## DATA EXTRACT
━━━

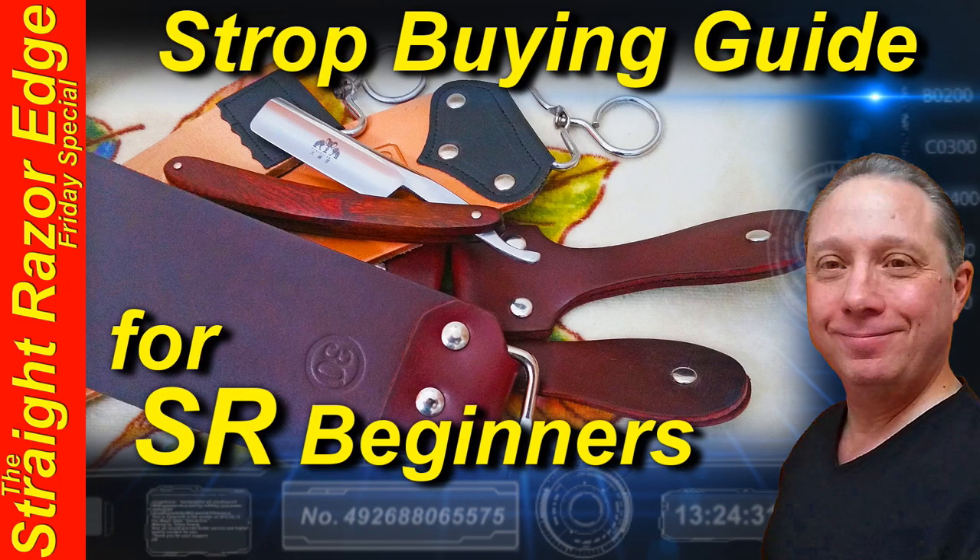Welcome to the Straight Razor Edge Friday Special. Hey, Eric here with Adventures in Wet Shaving, and welcome back. It's good to see you. If this is your first time here and you're interested in learning how to straight razor shave and all things straight razor related, go ahead and hit that subscribe button, then click on the bell next to it to be notified when I upload videos. That way you won't miss a thing.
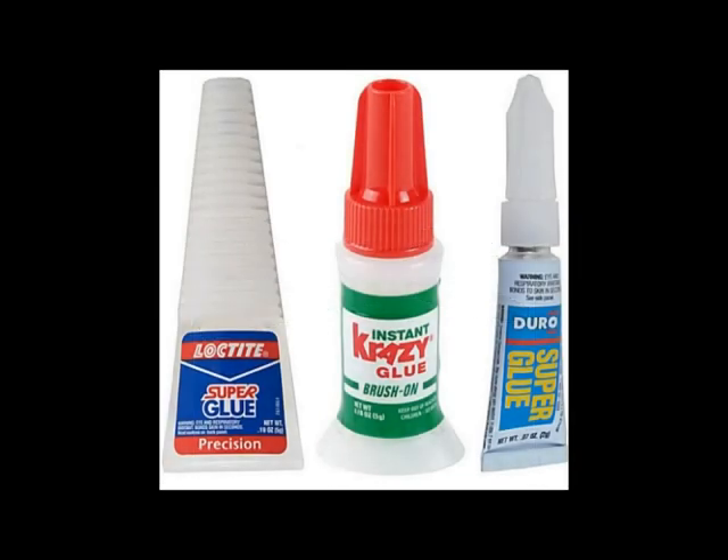Everyone will need superglue. Almost any standard superglue will do. A small bottle of acetone is also recommended for ungluing things you didn't intend to glue, like maybe your fingers.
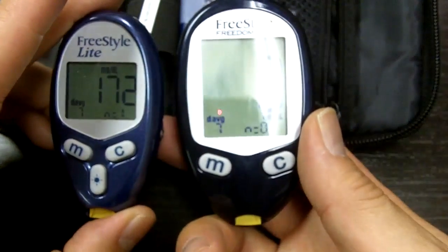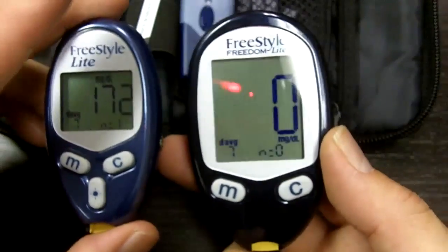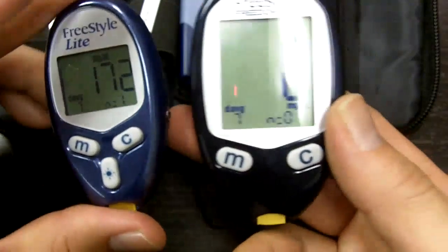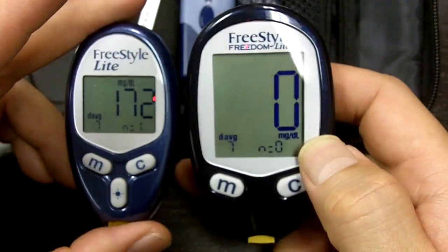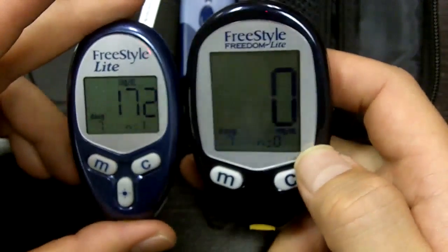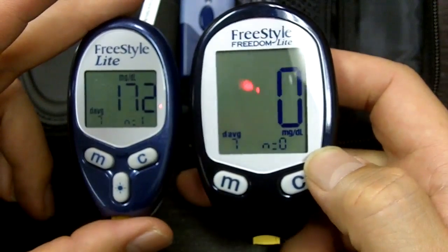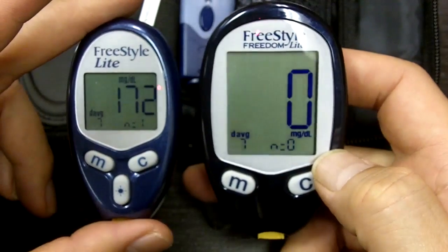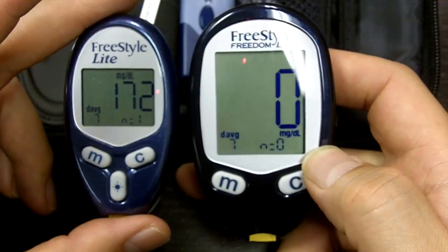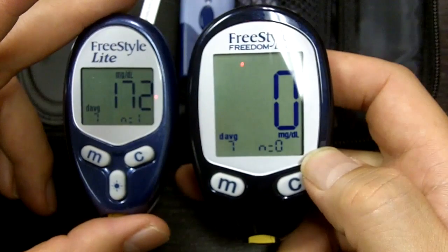It's a great meter. Depending on what your insurance is, it may cover the Freestyle — it may also cover the other meters we're going to go over as well. But these are two options that you have. Bottom line is that you do have options, and you should know about all the options and how they work. This is a little bit of information for you on the Freestyle Lite. Next episode, I'll go over a different meter for you.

━━━

## INSTRUCTIONS TO FOLLOW
Reproduce the listing above exactly, without a single picture.

## SOLUTION FOR THIS TASK
Welcome to the Straight Razor Edge Friday Special. Hey, Eric here with Adventures in Wet Shaving, and welcome back. It's good to see you. If this is your first time here and you're interested in learning how to straight razor shave and all things straight razor related, go ahead and hit that subscribe button, then click on the bell next to it to be notified when I upload videos. That way you won't miss a thing.
Everyone will need superglue. Almost any standard superglue will do. A small bottle of acetone is also recommended for ungluing things you didn't intend to glue, like maybe your fingers.
It's a great meter. Depending on what your insurance is, it may cover the Freestyle — it may also cover the other meters we're going to go over as well. But these are two options that you have. Bottom line is that you do have options, and you should know about all the options and how they work. This is a little bit of information for you on the Freestyle Lite. Next episode, I'll go over a different meter for you.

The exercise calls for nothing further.